Luca: The data and AI market is currently dynamic, particularly in the United States, where big techs and established financial analytics providers like Bloomberg, S&P Global, and Moody's have their headquarters and production hubs. These entities enjoy easier access to both financial resources and a skilled workforce.
Notably, strategic collaborations are taking shape across the Atlantic. For instance, the London Stock Exchange Group (LSEG), owner of Refinitiv, a prominent financial data provider, is joining forces with Microsoft to enhance AI-based analytics for its existing LSEG clients.
Highlighting some leading US startups, Crux, founded in 2017, secured an impressive $50 million USD in Series B funding in 2023. Similarly, Bobsled, a rising star, garnered $7 million USD in a Seed round in January and followed up with a $17 million Series A in April.
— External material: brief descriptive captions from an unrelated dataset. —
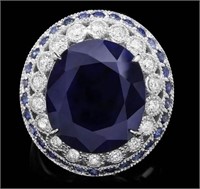 AIGL Certified 15.50 Cts  Sapphire Diamond Ring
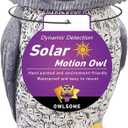 Owlsome Solar Owl with Colored Flashing Eyes, Rotating Head, Hoot Sound, Motion Detector and Silent Mode, Plastic Owl Garden Sculpture, Garden Decoration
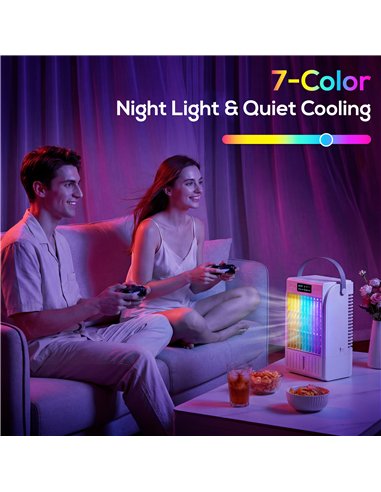 HOMCOM Portable Air Conditioner, 4-in-1 Mini Air Cooler with 4 Wind Speed, 2 Cool Mist, RGB 7 LED Light, White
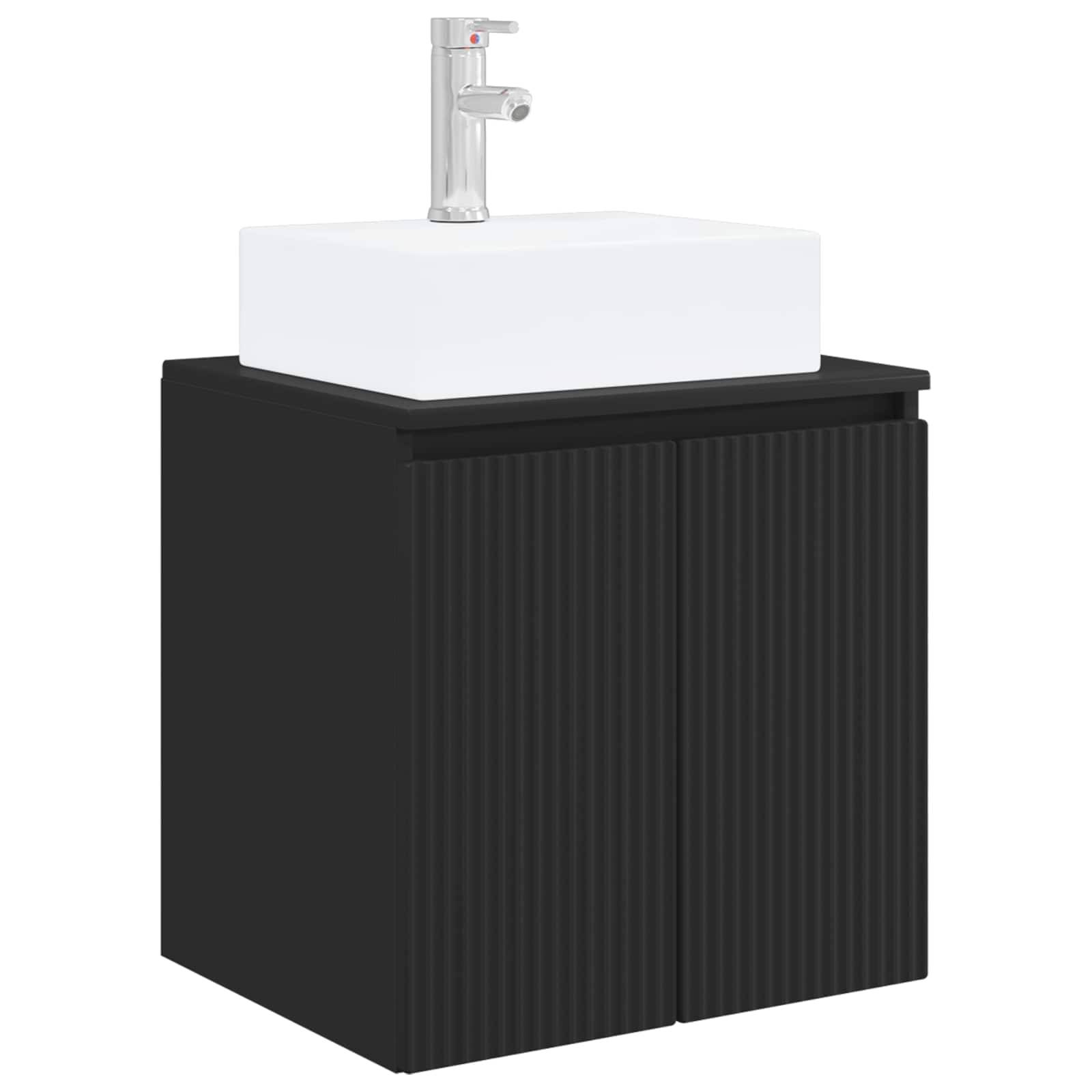 vidaXL Wandmontierte Waschtisch Schwarz 49,5 x 41 x 62,5 cm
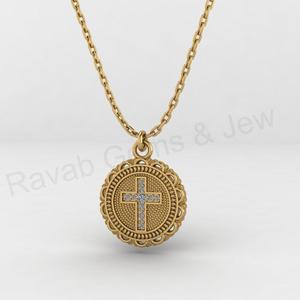 Pendentif religieux chrétien de luxe géométrique rond de 18 mm en argent 925 plaqué or 14 carats avec croix pavée de CZ, bijoux fins pour hommes - Product Image 6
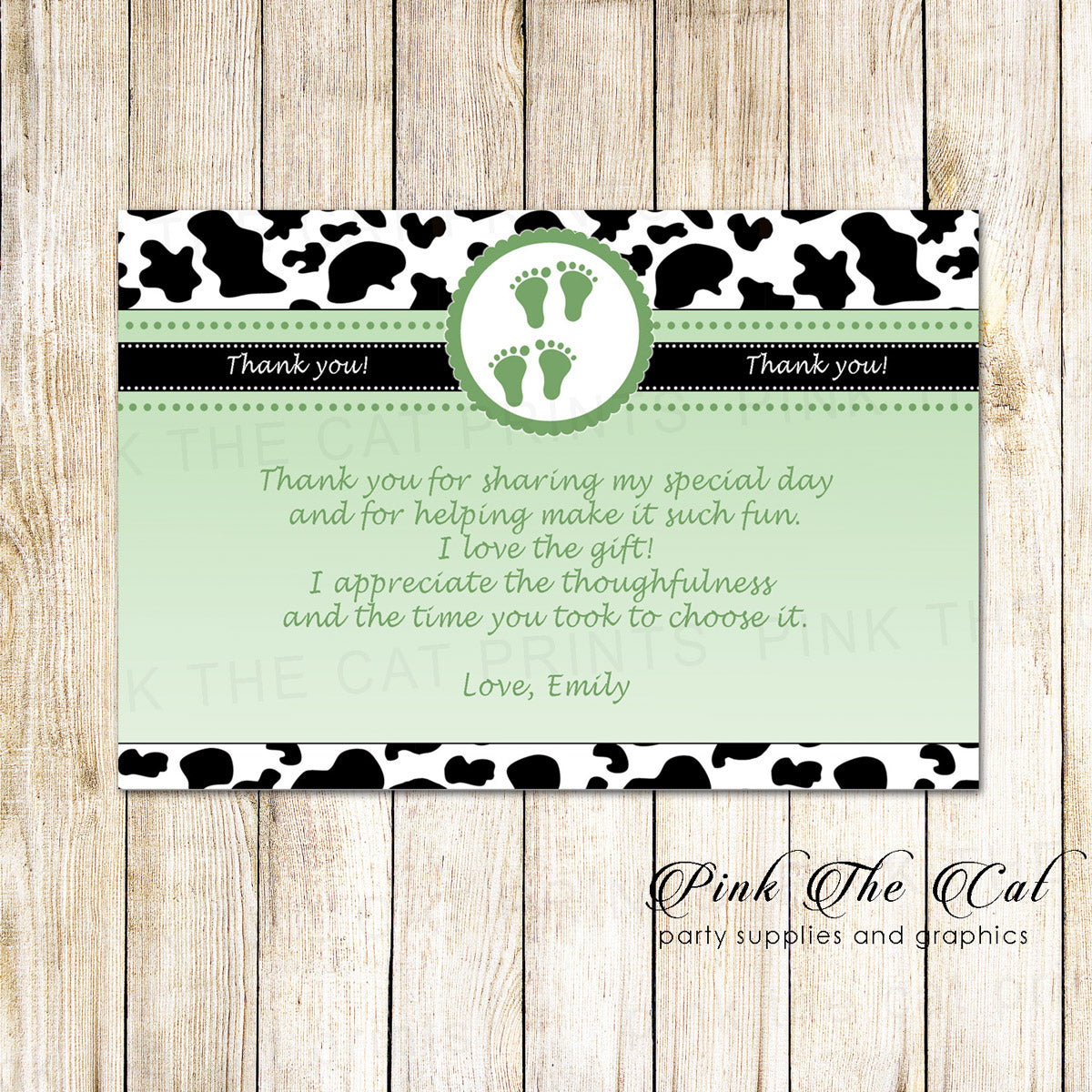 30 Thank You Cards Twins Cow Baby Shower Green Animal Print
While Europe excels in regulatory frameworks and standards, these advantages may not be as pronounced when launching a startup.
BFI: What are the key takeaways to keep in mind for professionals that are building loan data operations?
Luca: I would say that data architecture needs to follow the structure of the data that they are processing. If your aim is to process loan data, make sure you have an architecture that’s cloud-based (i.e. scalable and flexible). Otherwise, if you're aiming to do this on an excel sheet, you're probably on the wrong path.
Moreover, leveraging big data and AI takes commitment and it is definitely not an “install and forget” system. It needs to be looked after by experts. They can be internal, so you can hire a team of data professionals, or you can outsource part of the expertise and use a software-as-a-service solution.
Lastly, there is no artificial intelligence versus human intelligence. It's a combination of both!